The first case I ran was for a blunt nose I call the long nose. For this case I marched the solution with a local time step (CFL) value of 5.0. This is standard procedure for obtaining steady state results since it converges the solution faster than a constant time step. The Mach number plot is shown below. The result was converged to machine zero (double precision).

Next, I changed the angle of the nose cone by shortening the nose. The nose length is approximately 40% shorter than the nose length for the previous long nose example. The problem was converged with the same local time stepping approach used above. The Mach number plot for the short nose geometry with local time stepping is shown below and is qualitatively similar to the first. The result was converged to machine zero (double precision).

This is were the fun begins. The key to the fun is that I used a local time stepping method. With the local time stepping approach each grid cell is marched by a local time step which is a function of the grid cell size. The bigger the cell, the larger the time step. This is non physical.

After seeing the result above, I was skeptical of the solution so I re-ran the case with a constant time step. Unfortunately, this takes more CPU time since the time step is constrained by the smallest cell size.

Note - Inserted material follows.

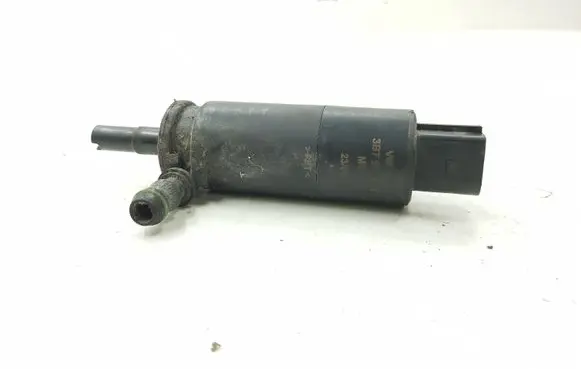 Volkswagen Golf Plus Windscreen/windshield washer pump 3B7955681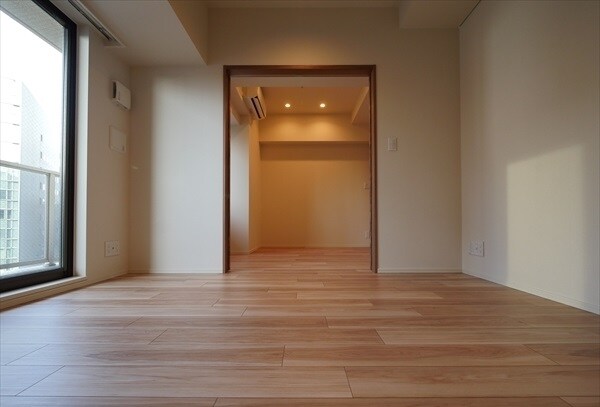 物件内観写真10　(別号室参考写真)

These are the cells next to the body which are required to have a very small height to properly capture the boundary layer. The solution took about 20 times longer than the local time stepping approach.

The short nose geometry with constant time step result is shown below. The result was converged to machine zero (double precision). A separation bubble now exists. Also notice that something which looks like a shock is riding on top of the bubble. However, this is not a shock. The separation bubble adapts so that the flow can slow down without one. I do not know of a case in the real world, outside of the lab, where this happens. However, I've been told that this phenomenon can be reproduced in the lab.

The final image, shown below, is the long nose geometry re-run with a constant time step. Notice it is very close to the result obtained with the local time stepping approach. Any difference is a result of the fact that I did not converge it all the way.